Records supplied:

○ ○ ○ ○ ○

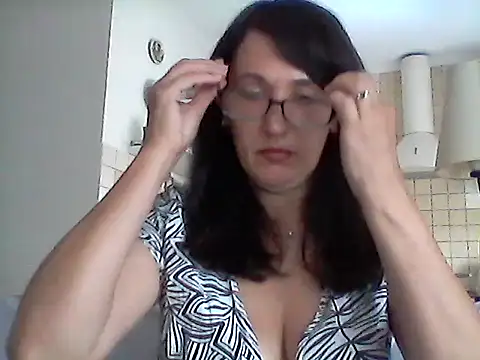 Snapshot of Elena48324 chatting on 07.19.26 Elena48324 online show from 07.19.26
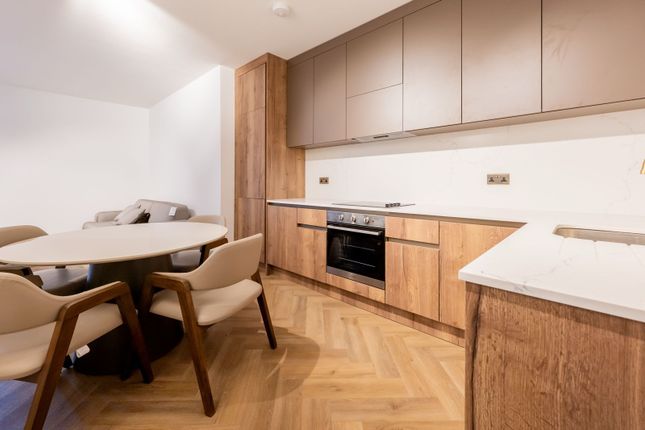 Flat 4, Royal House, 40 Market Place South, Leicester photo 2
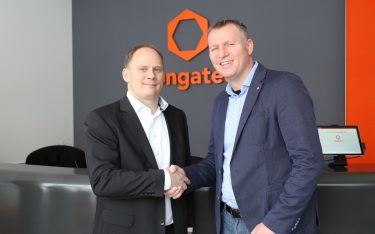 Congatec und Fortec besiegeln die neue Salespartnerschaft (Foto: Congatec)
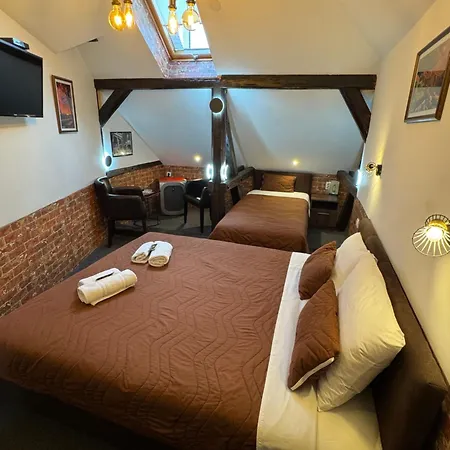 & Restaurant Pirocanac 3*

○ ○ ○ ○ ○

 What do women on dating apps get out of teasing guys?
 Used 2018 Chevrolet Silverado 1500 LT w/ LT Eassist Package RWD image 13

○ ○ ○ ○ ○

Print, from the entries above, the line with "What do women", the line with "Used 2018 Chevrolet" and all lines between them, exactly and with nothing else.

 What do women on dating apps get out of teasing guys?
 Used 2018 Chevrolet Silverado 1500 LT w/ LT Eassist Package RWD image 13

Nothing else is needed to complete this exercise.